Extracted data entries

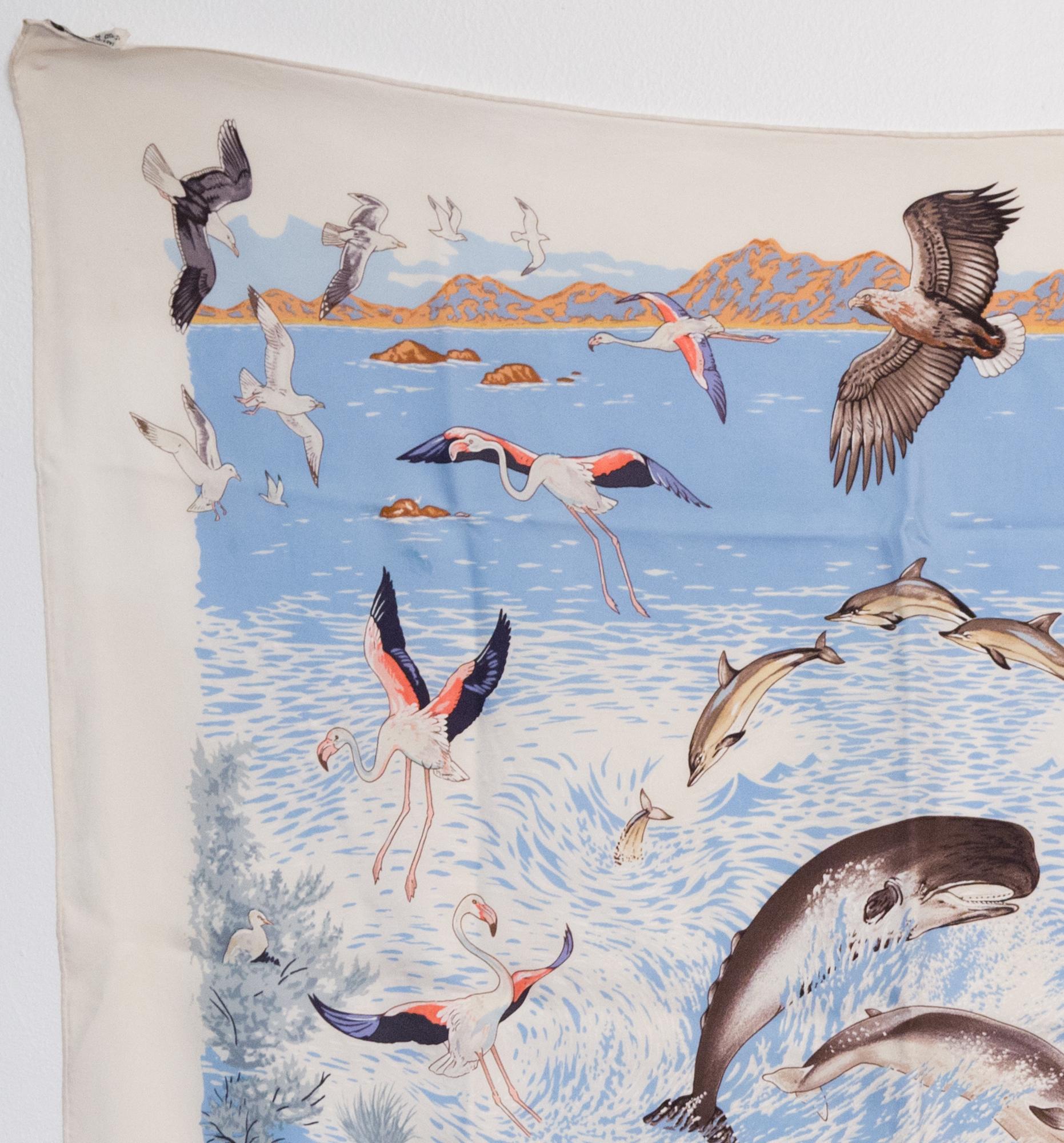 Hermes silk scarf La Vie Precieuse de la Méditerranée by Robert Dallet featuring a fish scene.
First edition 1992.
In good vintage condition. Made in France.
35,4in. (90cm)  X 35,4in. (90cm)
We guarantee you will receive this  iconic item as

§ Task prompt
Please print all the lines above exactly as given and leave out every picture.

§ Expected output
 Hermes silk scarf La Vie Precieuse de la Méditerranée by Robert Dallet featuring a fish scene.
First edition 1992.
In good vintage condition. Made in France.
35,4in. (90cm)  X 35,4in. (90cm)
We guarantee you will receive this  iconic item as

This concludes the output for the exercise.